As for the final factor to be considered, it does not appear that movant has any alternative avenue of redress against the State.

Insofar as the majority of factors, including the potential merit of the claim, weigh in movant's favor with respect to his proposed cause of action for assault and battery, the Court will grant the instant application with respect to this cause of action. The majority of factors for consideration with respect to the proposed cause of action for medical negligence and or malpractice do not weigh in movant's favor, however, and his application is therefore denied with respect to this proposed cause of action.

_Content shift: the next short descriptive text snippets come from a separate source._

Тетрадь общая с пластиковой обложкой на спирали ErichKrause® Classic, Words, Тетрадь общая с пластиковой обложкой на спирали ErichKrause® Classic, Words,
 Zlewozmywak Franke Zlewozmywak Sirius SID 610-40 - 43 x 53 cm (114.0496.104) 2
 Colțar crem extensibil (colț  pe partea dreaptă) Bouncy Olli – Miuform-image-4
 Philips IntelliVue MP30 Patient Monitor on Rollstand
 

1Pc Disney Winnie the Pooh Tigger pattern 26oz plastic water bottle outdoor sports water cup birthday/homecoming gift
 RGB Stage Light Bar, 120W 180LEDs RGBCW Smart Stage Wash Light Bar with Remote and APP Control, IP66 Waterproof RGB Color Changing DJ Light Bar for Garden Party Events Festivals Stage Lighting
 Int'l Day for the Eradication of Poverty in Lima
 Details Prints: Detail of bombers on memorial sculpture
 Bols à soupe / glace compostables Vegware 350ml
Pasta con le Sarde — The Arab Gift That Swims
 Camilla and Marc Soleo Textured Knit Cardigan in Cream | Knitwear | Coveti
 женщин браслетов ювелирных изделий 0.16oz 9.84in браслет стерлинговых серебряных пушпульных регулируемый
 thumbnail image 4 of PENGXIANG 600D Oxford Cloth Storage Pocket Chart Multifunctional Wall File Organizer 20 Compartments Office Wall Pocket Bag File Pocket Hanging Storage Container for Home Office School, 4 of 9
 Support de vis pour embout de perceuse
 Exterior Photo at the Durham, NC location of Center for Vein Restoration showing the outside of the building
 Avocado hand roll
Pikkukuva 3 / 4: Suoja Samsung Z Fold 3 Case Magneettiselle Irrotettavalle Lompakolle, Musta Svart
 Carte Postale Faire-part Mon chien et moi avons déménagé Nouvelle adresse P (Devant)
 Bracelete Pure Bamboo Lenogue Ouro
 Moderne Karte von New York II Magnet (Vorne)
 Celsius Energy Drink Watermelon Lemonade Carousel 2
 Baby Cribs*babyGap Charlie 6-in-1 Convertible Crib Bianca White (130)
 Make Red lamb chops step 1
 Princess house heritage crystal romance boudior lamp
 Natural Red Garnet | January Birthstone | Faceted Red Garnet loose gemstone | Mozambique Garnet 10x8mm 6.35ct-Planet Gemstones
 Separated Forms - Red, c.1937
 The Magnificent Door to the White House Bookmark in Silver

Based on the foregoing, movant's application for leave to serve and file a late claim is granted with respect to his proposed cause of action for assault and battery and denied with respect to his proposed cause of action for medical negligence and or malpractice. Movant is directed to file and serve his claim in accordance with this Decision and Order and Court of Claims Act 11 and 11-a within forty-five days of the date this Decision and Order is filed.

August 26, 2019

Saratoga Springs, New York

FRANCIS T. COLLINS

Judge of the Court of Claims

Papers Considered:

1. Notice of Motion dated July 24, 2019;

2. Affidavit in support sworn to July 19, 2019, with attachments;

3. Affirmation of Thomas J. Reilly, A.A.G. dated August 12, 2019.